4. Conductivity improver: about 2.5-5 kilograms of salt and charcoal.
5. Construction process: Place the copper plate vertically at the bottom of the pit, first cover it with the conductivity improver, compact and tighten it, then continue backfilling and compacting, being careful not to break the grounding wire.
Figure 2. Shallow pit diagram
The "deep well type" is suitable for places where it is difficult to excavate the ground or the groundwater level is deep. Generally speaking, the "shallow pit type" is the more common method.
Regardless of the "deep well type" or "shallow pit type," according to this construction process, the grounding resistance can be achieved between 4 and 10 ohms (for a single grounding body).
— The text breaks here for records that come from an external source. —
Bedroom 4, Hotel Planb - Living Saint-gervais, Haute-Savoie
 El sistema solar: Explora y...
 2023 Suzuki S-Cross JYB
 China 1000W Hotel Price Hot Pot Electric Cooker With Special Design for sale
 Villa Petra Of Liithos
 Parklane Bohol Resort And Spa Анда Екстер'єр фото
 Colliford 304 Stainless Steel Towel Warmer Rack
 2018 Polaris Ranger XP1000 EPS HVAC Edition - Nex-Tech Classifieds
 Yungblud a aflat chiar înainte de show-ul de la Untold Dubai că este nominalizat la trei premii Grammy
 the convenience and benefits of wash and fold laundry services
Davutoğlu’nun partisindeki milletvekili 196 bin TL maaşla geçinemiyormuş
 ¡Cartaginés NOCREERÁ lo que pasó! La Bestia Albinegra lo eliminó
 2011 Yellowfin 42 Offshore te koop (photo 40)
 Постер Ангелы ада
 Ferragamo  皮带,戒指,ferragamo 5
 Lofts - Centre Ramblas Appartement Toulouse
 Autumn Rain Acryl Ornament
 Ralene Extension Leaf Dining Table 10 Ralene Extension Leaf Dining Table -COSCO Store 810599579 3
In places where the soil resistance is high, multiple grounding bodies can be connected to form a small grounding system to reduce the grounding impedance. In this case, the distance between each grounding body should be 0.3-0.5 meters (the same borehole can be used for the deep well type).
Through actual testing, the grounding resistance of a single grounding body is typically around 4 ohms, two grounding bodies are around 3 ohms, three grounding bodies are around 2 ohms, and six to ten grounding bodies can achieve a resistance of below 1 ohm (depending on the soil resistivity).
Since the danger of "step voltage" does not exist, there is no need to follow the practice of a lightning protection grid grounding system.
At the same time, to reduce the influence of other underground conductors nearby, this small grounding system should occupy as little underground area as possible.
To prevent accidental short circuits, the grounding wire should be directly connected to the grounding wire of the Electron Microscope (or the grounding bus inside the electron microscope), without using common grounding boxes or terminal boxes, not entering other equipotential terminal boxes or switch boxes, and not being connected to busbars.